Give again, character for character, the lines that lie between the first line of the material and the line with "Cute walrus in", inclusive. Omit pictures.

> [Given data]:
════════════════

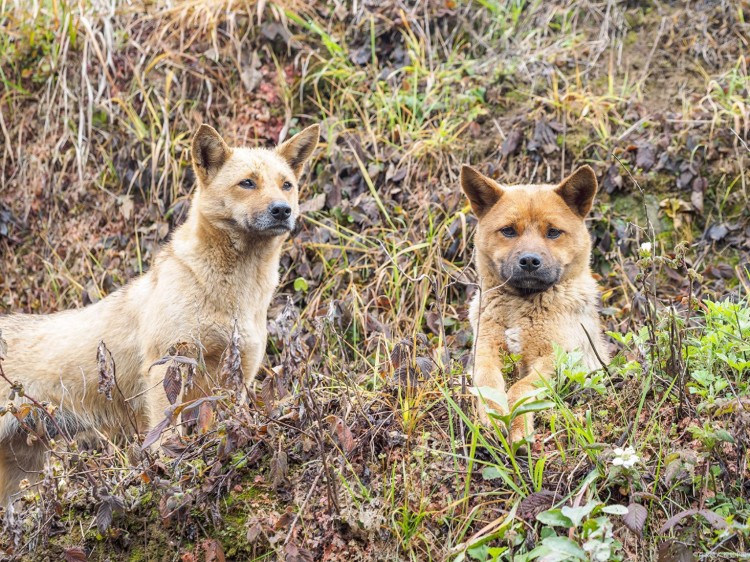 你认识多少种中华田园犬？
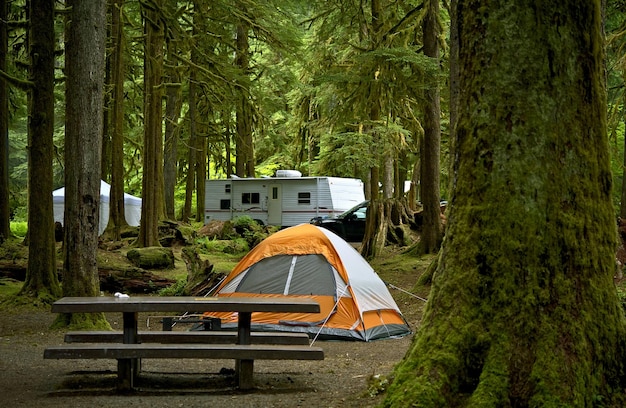Mały pomarańczowy namiot i przyczepa turystyczna w tle Głęboki las Kolekcja zdjęć kampingu na świeżym powietrzu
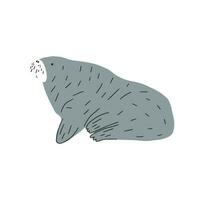 Cute walrus in Scandinavian style on a white background. Vector hand drawn kids illustration. Sea ocean. Underwater world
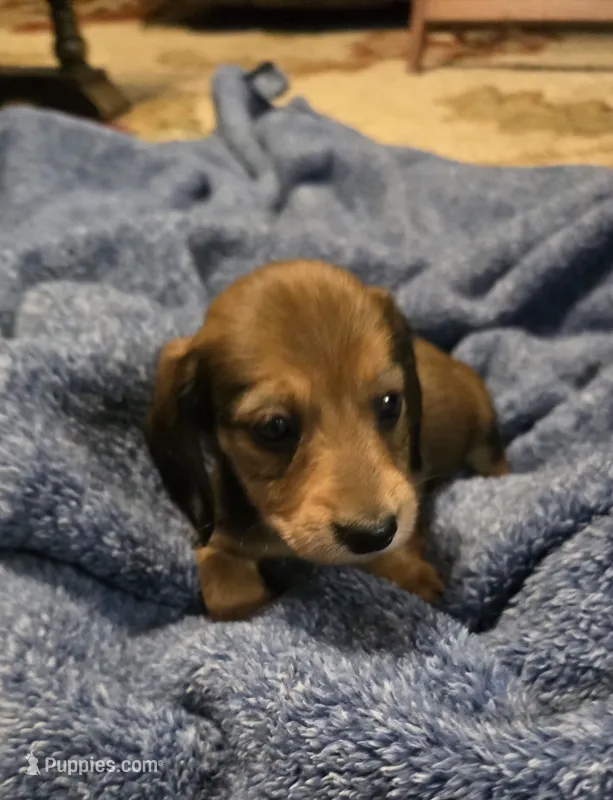 Chip – Miniature Dachshund puppy for sale in Meadowview, VA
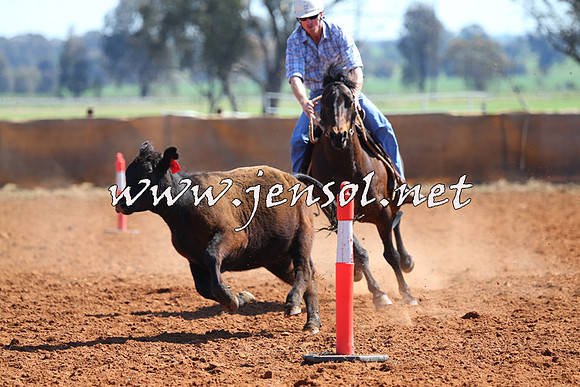 IllaboCampdraft2014_0205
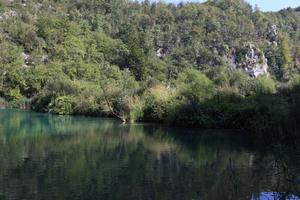 bush, Croatia, day, eye level view, forest, Karlovacka, lake, mountain, tree, vegetation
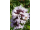 Arttec Mäta bergamotová (Mentha citrát), mäta bergamotová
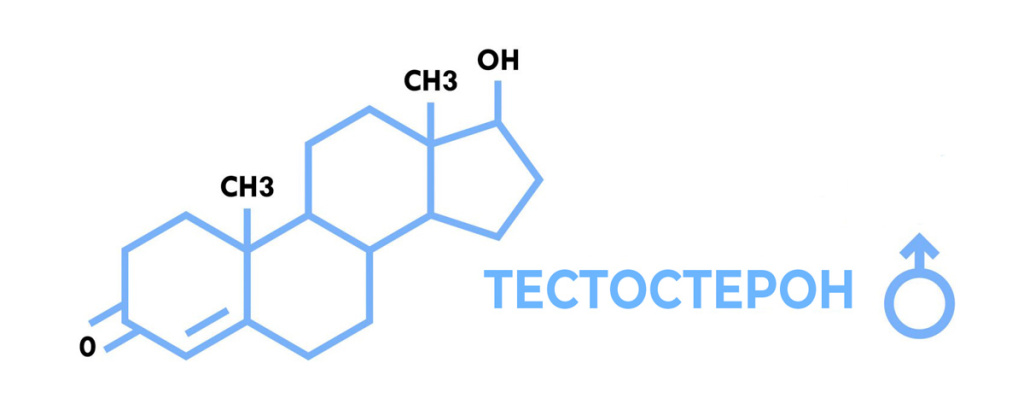 Тестостерон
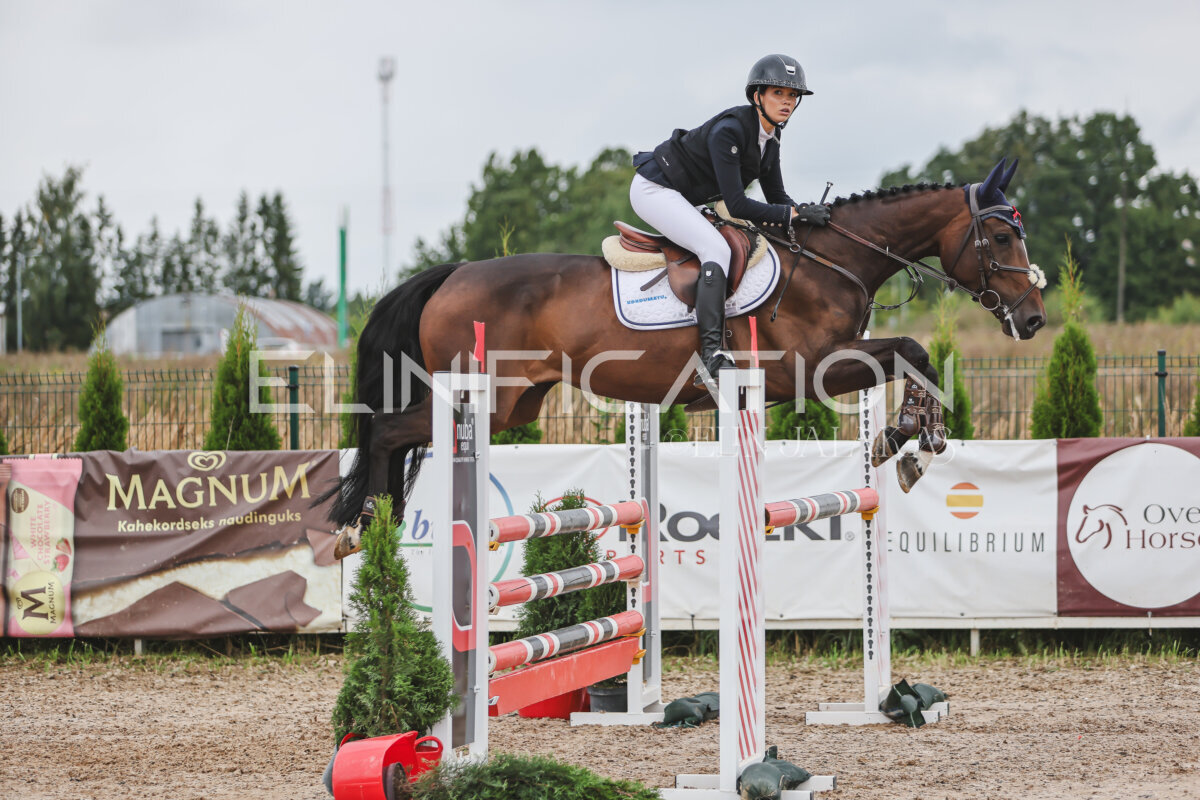 NHTS_2026_12_115cm_388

════════════════

> [Task result]:
 你认识多少种中华田园犬？
Mały pomarańczowy namiot i przyczepa turystyczna w tle Głęboki las Kolekcja zdjęć kampingu na świeżym powietrzu
 Cute walrus in Scandinavian style on a white background. Vector hand drawn kids illustration. Sea ocean. Underwater world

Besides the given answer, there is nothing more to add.